Worker power, sectoral bargaining and resilience after collapse

An essential strand in Doctorow’s thinking addresses labor power. The Writers Guild of America strike showed how organized workers in a creative sector can force employers to negotiate limits on AI deployment. Collective action secured safeguards around credit, compensation, and minimum human involvement in script production. Unlike most occupations, US screenwriters enjoy sectoral bargaining, allowing them to negotiate as a unified block against every major studio.

Most workers lack such leverage. Traditional labor law restricts sector‑wide agreements in many countries, fragmenting bargaining into firm‑level fights where large corporations hold overwhelming advantage. In an AI context, this fragmentation makes it easier for employers to set reverse‑centaur conditions and present them as inevitable. One of the deepest lessons from Doctorow’s analysis is that durable protection against abusive AI deployment depends more on collective bargaining frameworks than on fine‑tuned copyright amendments or technical standards.

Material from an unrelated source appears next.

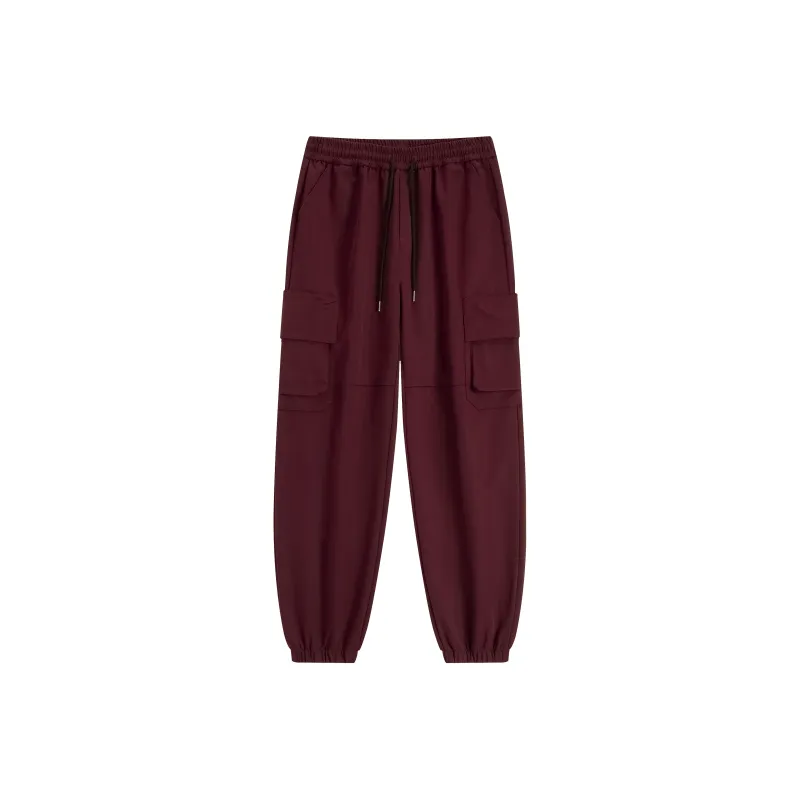 Menblero Casual Pants Unisex Burgundy-0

Key practical lessons for workers and users

Condensing Doctorow’s perspective into actionable guidance leads to a concrete list of behaviors and priorities. These help individuals interpret AI company claims and prepare for fallout when business failure occurs. The goal is not fear, but clear‑eyed risk management.

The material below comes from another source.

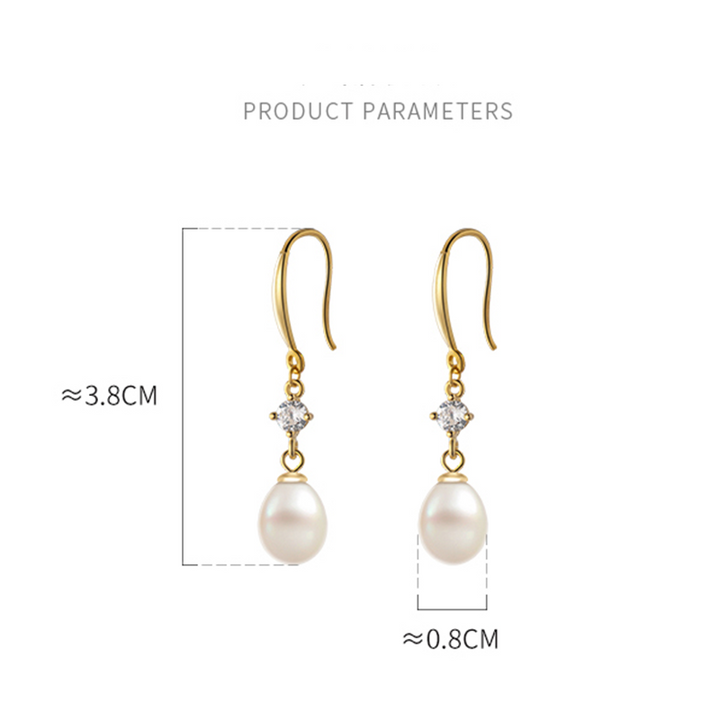 Baroque Pearl Zircon Stud Earrings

  • Treat promises of full job replacement with skepticism and examine who gains from the narrative.
  • Resist reverse‑centaur roles where humans carry legal and emotional risk for opaque systems.
  • Support open, local AI tools that run on devices you control instead of opaque cloud platforms.
  • Back efforts toward sectoral bargaining and collective standards on AI use at work.
  • Track parallels with other financial bubbles, such as aggressive crypto leverage or political token schemes.
  • Focus advocacy on data rights, workplace conditions, and surveillance limits rather than narrow copyright tweaks.
  • Push institutions to document and open‑source models and tooling before distressed asset sales lock them away.

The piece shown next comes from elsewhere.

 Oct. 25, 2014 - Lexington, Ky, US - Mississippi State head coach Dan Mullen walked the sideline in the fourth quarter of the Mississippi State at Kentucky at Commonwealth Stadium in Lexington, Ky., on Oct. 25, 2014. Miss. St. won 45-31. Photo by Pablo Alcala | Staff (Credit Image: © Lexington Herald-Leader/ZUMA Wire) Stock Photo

Each of these points aligns with the broader thread in Doctorow’s work: treating AI not as prophecy or fate, but as a set of contingent corporate decisions that respond to pressure.

Our opinion

The collapse of AI companies, if and when it arrives, will not mark the end of AI as a set of techniques. It will mark the end of a specific financial story that treats statistical models as a shortcut to suppress wages and extend monopoly power. The most important lessons from Cory Doctorow’s analysis concern where to focus resistance: on business practices that create reverse centaurs, on bubble‑economy incentives that reward hype over reliability, and on legal frameworks that entrench corporate control rather than human creativity.

Preservation efforts should prioritise open models, reusable infrastructure, and worker‑friendly governance structures. Society will likely inherit abundant compute capacity, skilled practitioners, and a library of smaller, capable tools once the current speculative wave breaks. The task then is to refuse fatalism, steer those assets toward centaur‑style augmentation, and treat the fallout from AI business failure as raw material for a safer, more accountable future of AI rather than a reason to give up on technology altogether.